New language features

The edition introduced block-scoped declarations using let and const, classes with prototype semantics mirroring patterns explored by Brendan Eich and implementers at Mozilla Foundation and Google, and arrow function expressions inspired by concise forms from languages discussed at LambdaConf and ICFP. It added template literals, destructuring assignment, default parameters, rest and spread operators, and the Symbol primitive with well-known symbols that echoed concepts in Smalltalk and Self (programming language). Promises standardized asynchronous programming models used by libraries from jQuery, Dojo Toolkit, and Async.js, while new collection types—Map, Set, WeakMap, WeakSet—aligned with data structures popularized in Java Collections Framework and research from MIT. The edition incorporated iterators and generator functions influenced by work at ECMAScript Harmony and academic proposals presented at PLDI and OOPSLA, alongside tail-call optimization discussions referenced in ACM literature. Additionally, the introduction of the Proxy API and Reflect object provided meta-programming facilities comparable to those in Ruby and Python.

Modules and packaging

ECMAScript 6 introduced a standardized module syntax with import and export declarations, addressing long-standing fragmentation among module systems such as CommonJS, Asynchronous Module Definition, and loader patterns used in RequireJS. The module semantics were specified to enable static analysis by bundlers and toolchains developed by teams at webpack, Browserify, Rollup, and Parcel (software), while aligning with packaging ecosystems maintained by npm, Bower, and corporate registries used by Google Inc. and Microsoft. Work on module resolution and linking referenced specifications from HTML5 and server-side module proposals advanced by Node.js maintainers and contributors at Joyent.

Compatibility and adoption

Adoption required coordination among browser vendors and server runtime teams, including implementers at Mozilla Foundation (Gecko), Google (V8), Apple Inc. (JavaScriptCore), and Microsoft (Chakra). Compatibility testing drew on test suites developed collaboratively with organizations such as KDE, W3C, and community projects initiated on platforms like GitHub and Stack Overflow. Polyfill libraries authored by contributors associated with FinancialTimes, Airbnb, and independent developers enabled gradual migration of codebases in major web properties including those operated by Facebook, Twitter, and LinkedIn.
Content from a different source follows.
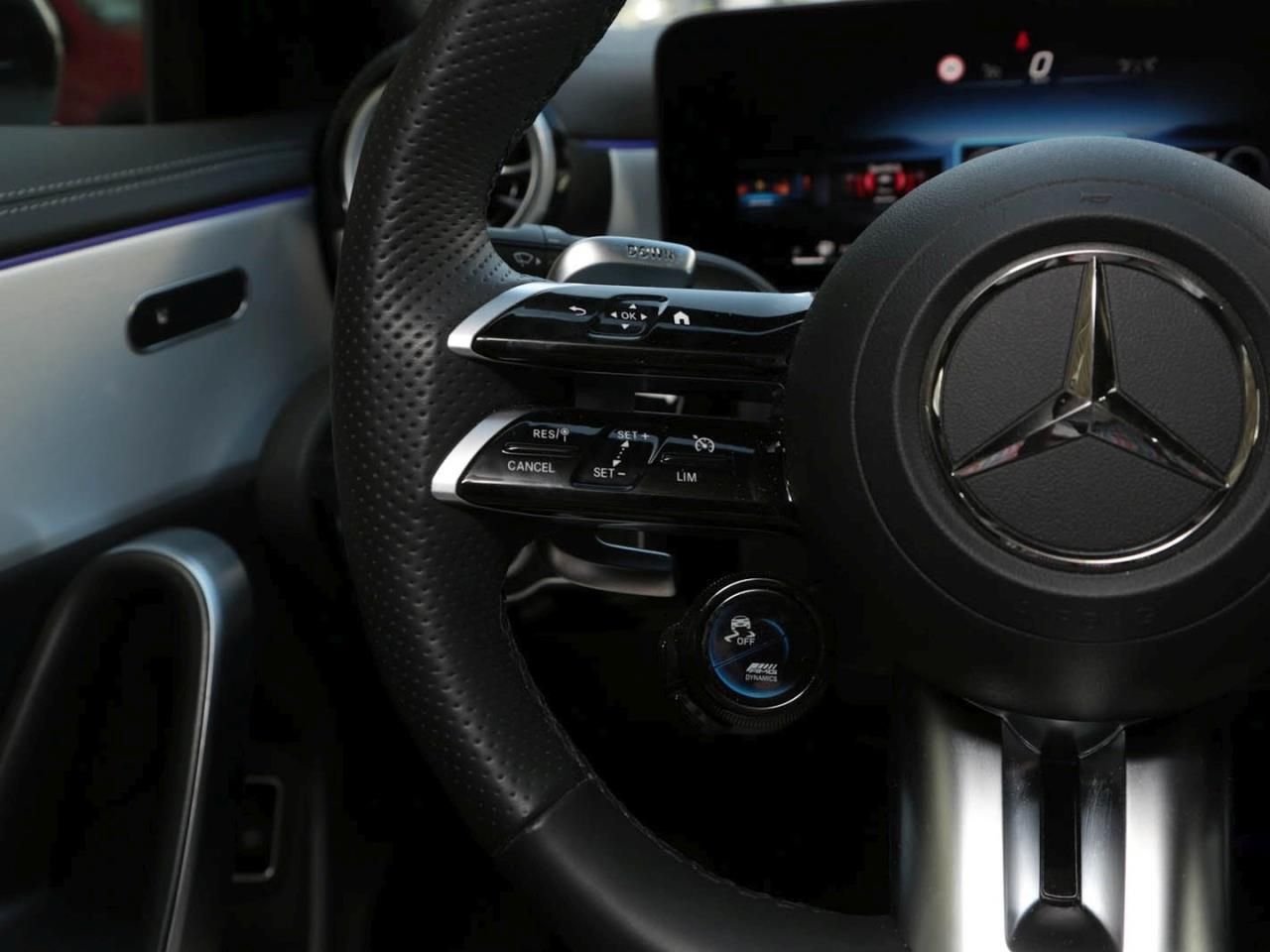 Mercedes-Benz CLA 35 AMG 4M - Samsaru's Car Outlet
Enterprise adoption also intersected with developer tooling created by firms such as Microsoft (TypeScript), JetBrains (IDE support), and Atlassian.
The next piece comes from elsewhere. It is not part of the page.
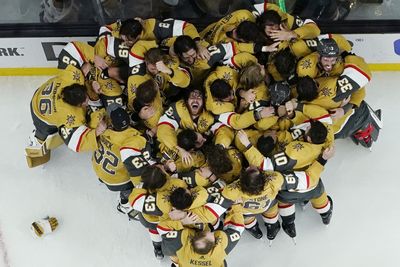 This immaculate photo of the Golden Knights celebrating their Stanley Cup win had NHL fans in awe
Implementations and engines

Major engines implementing the edition included V8 (JavaScript engine) by Google, SpiderMonkey by Mozilla Foundation, JavaScriptCore by Apple Inc., and Chakra (JavaScript engine) by Microsoft. Server-side adoption in Node.js and hosted platforms from Heroku and Amazon Web Services led to integration work by runtime maintainers and cloud teams at IBM Cloud, Oracle Cloud, and Google Cloud Platform. Open-source transpilers and compilers such as Babel (software), Traceur Compiler, and toolchains like Closure Compiler and TypeScript provided back-compatibility for older environments and integrated with continuous integration systems used by Travis CI and CircleCI.

Influence and legacy

The edition's features shaped successive language design and tooling decisions across projects like TypeScript, Dart (programming language), and language-embedding initiatives tied to WebAssembly and LLVM. Its module semantics and asynchronous primitives influenced standards work in W3C groups and runtime evolution in Node.js Foundation initiatives. Academic curricula at institutions such as MIT, Stanford University, UC Berkeley, and University of Cambridge incorporated ECMAScript 6 concepts into courses on programming languages and web engineering, while developer communities at conferences including JSConf, NodeConf, and Web Summit continued to debate best practices traceable to the edition. The specification established a foundation for later editions and interoperability efforts involving companies like Google, Microsoft, Mozilla Foundation, and Apple Inc., leaving a durable imprint on modern web and server-side JavaScript ecosystems.